MessagePack vs TOON: Binary Wire Formats vs LLM-Readable Tokens
MessagePack is about half the size of JSON on the wire—but binary formats Base64-bloat inside LLM prompts. Here's why TOON wins for prompts and MessagePack wins for transport.
MessagePack wins on the network: it is roughly 37% smaller than JSON uncompressed and keeps bytes off the wire. TOON wins inside the prompt: 39.9% fewer tokens with equal or better retrieval accuracy. They are not competing for the same job. MessagePack optimizes transport; TOON optimizes the LLM context window. Use both.
What Problem Does Each Format Actually Solve?
MessagePack (and its cousin BSON) were designed to replace JSON on the wire. They encode the same key-value structure as JSON but in a compact binary representation. The result is smaller payloads between services, faster inter-process communication, and lower storage overhead.
TOON was designed for a completely different layer: the LLM context window. It is a text format that declares field names once in a header and then emits only values per row — collapsing the repetitive key-and-brace overhead that JSON pays on every object in an array. The official toonformat.dev benchmarks (5,016 LLM calls, 209 questions, six formats, four models) show TOON achieving 76.4% retrieval accuracy while using 39.9% fewer tokens than JSON — 27.7 accuracy-points per thousand tokens versus JSON's 16.4.
The confusion arises because both formats shrink something. But what they shrink is different: MessagePack shrinks bytes on the wire; TOON shrinks tokens in the prompt. Those are measured in different units and optimized for different bottlenecks.
Why MessagePack Cannot Go Directly Into an LLM Prompt
LLM APIs — including OpenAI, Anthropic, Google, and every hosted inference endpoint — accept text. They do not accept binary payloads embedded in the message body. If you want to pass MessagePack-encoded data to a model, you must first Base64-encode the bytes into an ASCII-safe string.
That step has two compounding costs.
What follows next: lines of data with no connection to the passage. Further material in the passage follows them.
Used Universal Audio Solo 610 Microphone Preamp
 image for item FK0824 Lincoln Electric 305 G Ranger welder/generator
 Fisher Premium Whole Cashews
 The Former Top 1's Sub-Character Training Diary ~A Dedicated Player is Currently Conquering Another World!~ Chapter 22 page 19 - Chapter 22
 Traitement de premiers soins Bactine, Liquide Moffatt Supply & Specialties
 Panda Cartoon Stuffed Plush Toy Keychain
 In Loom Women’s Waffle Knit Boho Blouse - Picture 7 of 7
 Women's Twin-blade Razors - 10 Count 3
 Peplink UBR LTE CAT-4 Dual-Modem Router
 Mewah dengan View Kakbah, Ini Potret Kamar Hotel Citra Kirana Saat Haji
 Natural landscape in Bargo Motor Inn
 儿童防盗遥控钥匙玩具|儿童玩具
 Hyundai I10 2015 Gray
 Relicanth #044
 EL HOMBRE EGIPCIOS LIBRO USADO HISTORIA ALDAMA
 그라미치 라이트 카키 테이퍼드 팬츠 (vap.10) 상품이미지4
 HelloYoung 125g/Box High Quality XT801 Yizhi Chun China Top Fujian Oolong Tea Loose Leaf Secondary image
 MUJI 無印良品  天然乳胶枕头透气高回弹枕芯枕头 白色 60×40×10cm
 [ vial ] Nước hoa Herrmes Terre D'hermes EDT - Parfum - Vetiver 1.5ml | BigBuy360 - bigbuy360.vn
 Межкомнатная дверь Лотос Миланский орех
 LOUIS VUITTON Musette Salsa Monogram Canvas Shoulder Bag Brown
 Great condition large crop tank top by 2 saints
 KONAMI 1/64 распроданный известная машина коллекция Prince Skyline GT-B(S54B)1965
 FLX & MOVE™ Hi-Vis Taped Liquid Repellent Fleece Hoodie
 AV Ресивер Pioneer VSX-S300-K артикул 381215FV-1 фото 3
First, Base64 encoding inflates the data by roughly 33%. A 100-byte MessagePack payload becomes roughly 133 characters of Base64. Second, the resulting character strings tokenize poorly. OpenAI's o200k_base tokenizer (used by the GPT-4o and GPT-5 families) averages approximately 4 characters per token in well-formed English text. Base64 strings do not resemble English — they are dense alphanumeric sequences that the tokenizer cannot split at meaningful word or subword boundaries. The result is a blob of tokens the model has no semantic grounding for. The model must treat them as opaque rather than as structured data it can reason about.
In short: MessagePack compresses the wire, then Base64 un-compresses the prompt, and then the tokenizer makes the un-compressed prompt expensive to process. Three successive costs on a path that TOON avoids entirely by staying in human-readable text.
For more on why binary embeddings are particularly costly in the prompt layer, see our guide on embeddings and binary data in LLM formats.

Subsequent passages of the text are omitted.